This morning we didn’t hurry. Yes, we are here to ski but we are also here to rest and enjoy life.

Don’t know about you but queuing for the lift while my heart is still half asleep is not my idea of rest. This is why we don’t hurry in the morning – we still get four, five hours up in the mountain, getting up and down a hill.

Still today was different! When I got in the gondola and looked down I saw people standing at the bottom of the ski run.

And I remembered; remembered standing with these people in the winter of 2011.

I have mentioned before that when we had a pile of debt, we didn’t stop doing things and we just learned to do them differently.

In February 2011 two things happened: I got to know Tim Ferriss and we still came to Bansko skiing.

We didn’t book a package holiday; we flew to Sofia, spent there several days in our apartment. Then rented a car and drove to the house of a friend – it is 8 km from the ski lifts.

We rented skiing equipment, we hired a snowboard instructor for our son and…we had still spent less than half of what a package skiing holiday would have cost us. There was one problem – the ski passes for the three of us would have set us back by about £80 per day.

I wasn’t going to pay that! And Tim Ferriss helped me not to do that.

You know how in the ‘4-hour Workweek’ Tim mentions that if we are to succeed we ought to leave our comfort zone regularly and do some weird stuff? Like go to a shopping mall and ask absolute strangers for their phone numbers?

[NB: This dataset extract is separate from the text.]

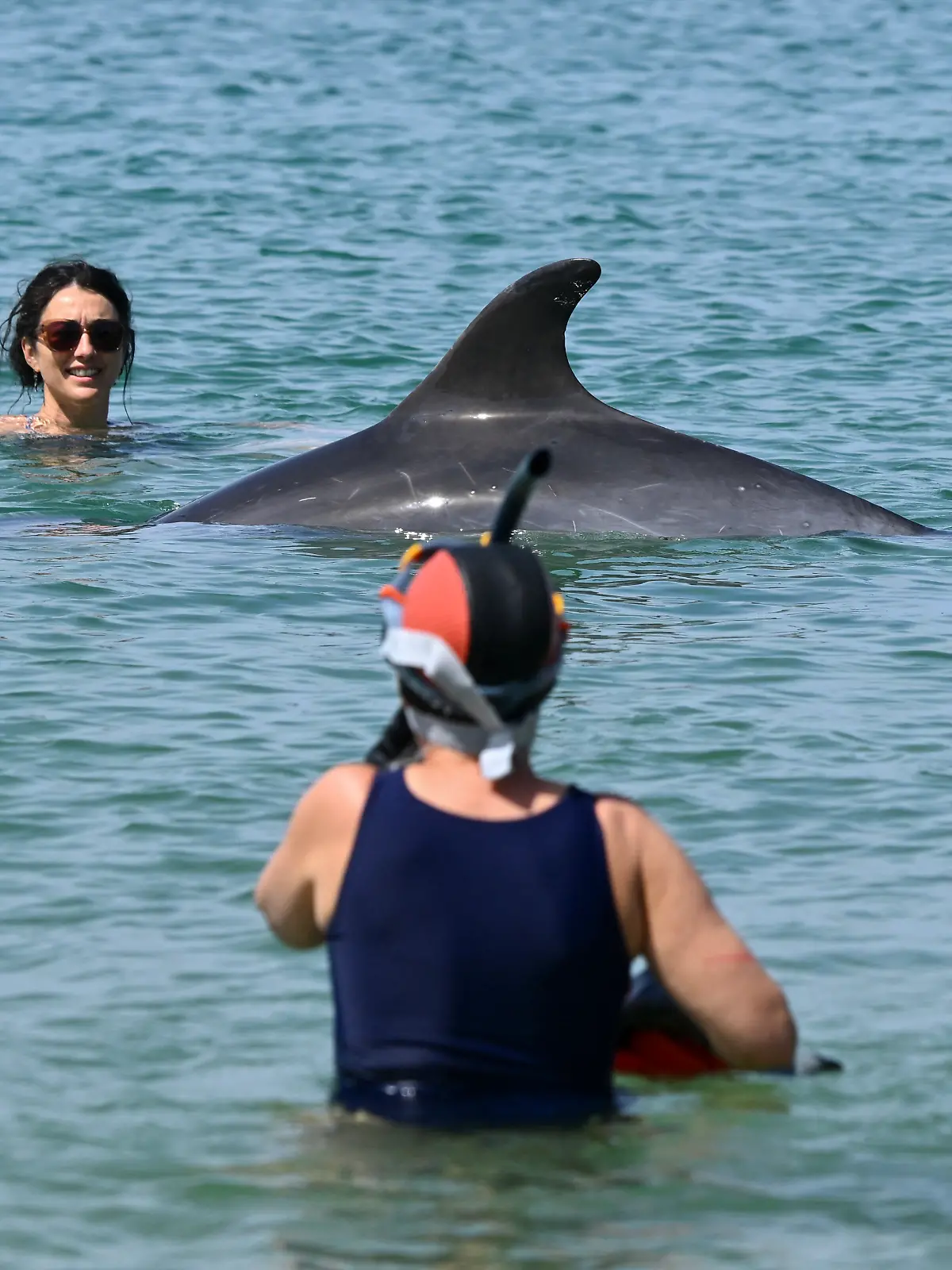 A female dolphin, standing 2 meters tall and weighing 200 kg, swims among bathers near the beach in the bay of Saint-Jean de Luz, southwestern France on April 24, 2026. This species is classified as a protected species of community interest at the European level and as such, a ministerial decree issued in 2011 formally prohibits disturbing cetaceans, approaching closer than 100 meters to the animal, trying to swim alongside it, touching it, seeking to interact with it, or blocking its path. (Photo by Gaizka IROZ / AFP)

I didn’t get that far but…

…for the first time in my life I worked out what the people at the end of the snow run were doing. They stand there at about 11.30 when the serious skiers are already coming back asking to buy their day passes.

You see, in the morning you can’t buy a half day pass; you can do this at lunch time but it is still much more expensive than paying half price to buy someone’s day pass.

I figured it’s worth a go; it’s a win-win. The person coming back recoups half of the price they paid for their pass and I get our passes cheap. The only one in loss is the company operating the resort and I reckon they make a healthy profit.

And for me this was a Tim Ferriss moment of getting outside my comfort zone.

I did it! I managed to get passes for all three of us every day of our holiday. And you know what? This is when I knew that I’ve broken my financial boundaries; that I’ll manage to pay off the debt and turn around our financial fortunes.

Standing at the end of the snow run wasn’t about, or wasn’t only about, getting our ski passes cheap. It was about leaving my financial comfort zone.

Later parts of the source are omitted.